Next session I get on this puzzle I'll put together a "goody package". Simple instructions, a sample app and a description of how to reproduce. I'll then post a link to that in this issue. The only think I won't supply is the other end of the BLE story ... I'll assume that a tester has access to an Android phone running "nRF Connect". But that of itself might be a good test ... for example using a different peer tool to see if that plays a part ... for example "bluetoothctl" or "gatttool" on Linux.
I will try with SampleServer from BLEtests with custom service/characteristic UUIDs. The rest i need is described here. (I think)
Its problem with adding 5th and next characteristics to service:
D (1467) BLEDevice: gattServerEventHandler [esp_gatt_if: 3] ... ESP_GATTS_ADD_CHAR_EVT
D (1475) BLEUtils: GATT ServerEvent: ESP_GATTS_ADD_CHAR_EVT
D (1481) BLEUtils: [status: ESP_GATT_ERROR, attr_handle: 0 0x00, service_handle: 40 0x28, char_uuid: 00005234-0000-1000-8000-00805f9b34fb]
D (1493) BLEServer: >> handleGATTServerEvent: ESP_GATTS_ADD_CHAR_EVT
D (1500) BLECharacteristic: >> setHandle: handle=0x00, characteristic uuid=00005234-0000-1000-8000-00805f9b34fb
D (1510) BLECharacteristic: << setHandle
D (1514) BLEServer: << handleGATTServerEvent
D (1518) BLECharacteristic: << executeCreate
D (1522) BLECharacteristic: >> executeCreate()
D (1527) BLECharacteristic: Registering characteristic (esp_ble_gatts_add_char): uuid: 00006234-0000-1000-8000-00805f9b34fb, service: UUID: 4fafc201-1fb5-459e-8fcc-c5c9c331914b, handle: 0x28
D (1544) FreeRTOS: Semaphore taking: name: CreateEvt (0x3ffe3ca8), owner:for executeCreate
D (1553) FreeRTOS: Semaphore taken: name: CreateEvt (0x3ffe3ca8), owner: executeCreate
E (1561) BT: btc_gatts_arg_deep_copy 8 no mem
D (1566) BLEDevice: gattServerEventHandler [esp_gatt_if: 3] ... ESP_GATTS_ADD_CHAR_EVT
D (1574) BLEUtils: GATT ServerEvent: ESP_GATTS_ADD_CHAR_EVT
D (1580) BLEUtils: [status: ESP_GATT_ERROR, attr_handle: 0 0x00, service_handle: 40 0x28, char_uuid: 00006234-0000-1000-8000-00805f9b34fb]
D (1592) BLEServer: >> handleGATTServerEvent: ESP_GATTS_ADD_CHAR_EVT
D (1599) BLECharacteristic: >> setHandle: handle=0x00, characteristic uuid=00006234-0000-1000-8000-00805f9b34fb
D (1609) BLECharacteristic: << setHandle
D (1613) BLEServer: << handleGATTServerEvent
D (1618) BLECharacteristic: << executeCreate
D (1622) FreeRTOS: Semaphore taking: name: StartEvt (0x3ffd7fe8), owner:for start
D (1630) FreeRTOS: Semaphore taken: name: StartEvt (0x3ffd7fe8), owner: start
D (1638) BLEDevice: gattServerEventHandler [esp_gatt_if: 3] ... ESP_GATTS_START_EVT
D (1645) BLEUtils: GATT ServerEvent: ESP_GATTS_START_EVT
D (1650) BLEUtils: [status: ESP_GATT_OK, service_handle: 0x28]
I dont know if something been changed in BLE stack, but i can see characteristics (still max 4) with log level ERROR setup in menuconfig.
I just checked the logs over here, and I'm seeing the same error message @chegewara is seeing on my 5th characteristic.
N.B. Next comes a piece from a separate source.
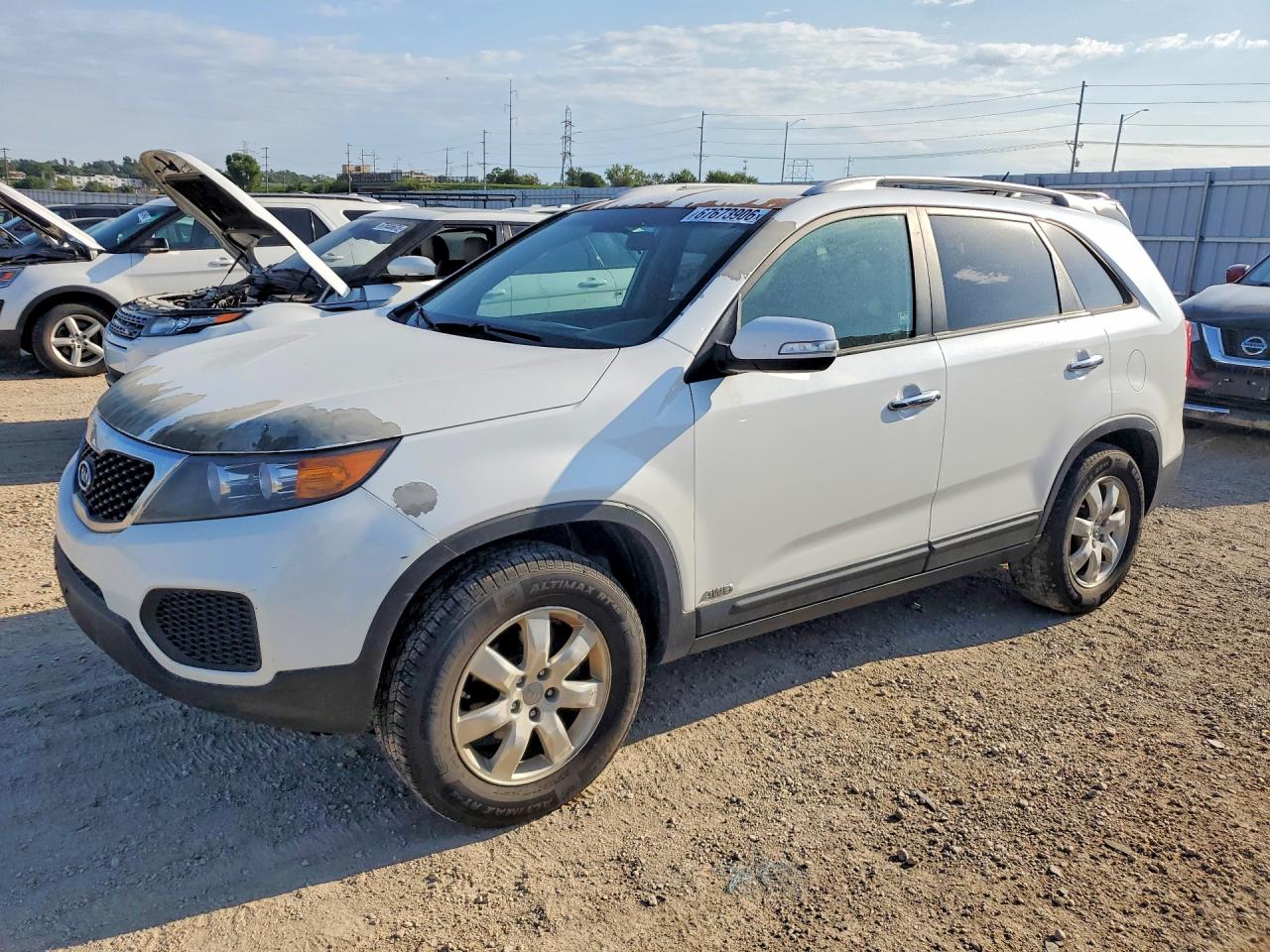 2013 KIA SORENTO LX  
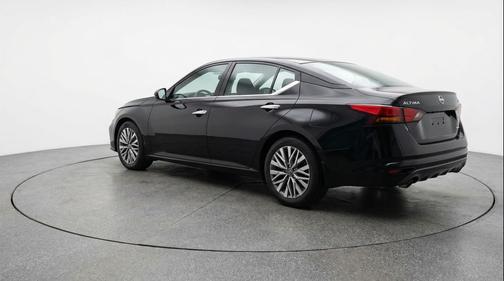 Super Black 2025 Nissan Altima SV FWD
Somehow I didn't notice this before.
So, I guess my issue of having more than 4 characteristics is a separate bug from the one this issue is tracking. I'll go ahead and open another ticket for it.
Yes indeed ... please do separate the concept of > 4 characteristics causing an issue from the notion of having to have debug logging enabled in order to see any services/characteristics.
ATM i cant recreate issue with log level causing not showing characteristics. I can see all 4 characteristics with log level VERBOSE and ERROR.
@chegewara have you tried using Sample1.cpp with different log levels? I can consistently reproduce it over here.
I still owe you a full written story to recreate plus sample artifacts. That is number one on my task list when my day job ends in about 4 hours and my weekend starts. Because this story is such a mysterious puzzle, we will need to spell out all the environmental components. In summary, and before I have written up the full story, the salient points are:
gcc version 5.2.0 (crosstool-NG crosstool-ng-1.22.0-61-gab8375a)
Output from:
$ xtensa-esp32-elf-gcc -v
Ok then, we are in different environment.
SampleServer just a little bit modified is my test app. I will try with Sample1.
Got it last night, thanks.
Ive found something, maybe this can help you. Still dont work like expected but:
I dont know if this is related somehow but with 2 and more services ping is over 1200 ms.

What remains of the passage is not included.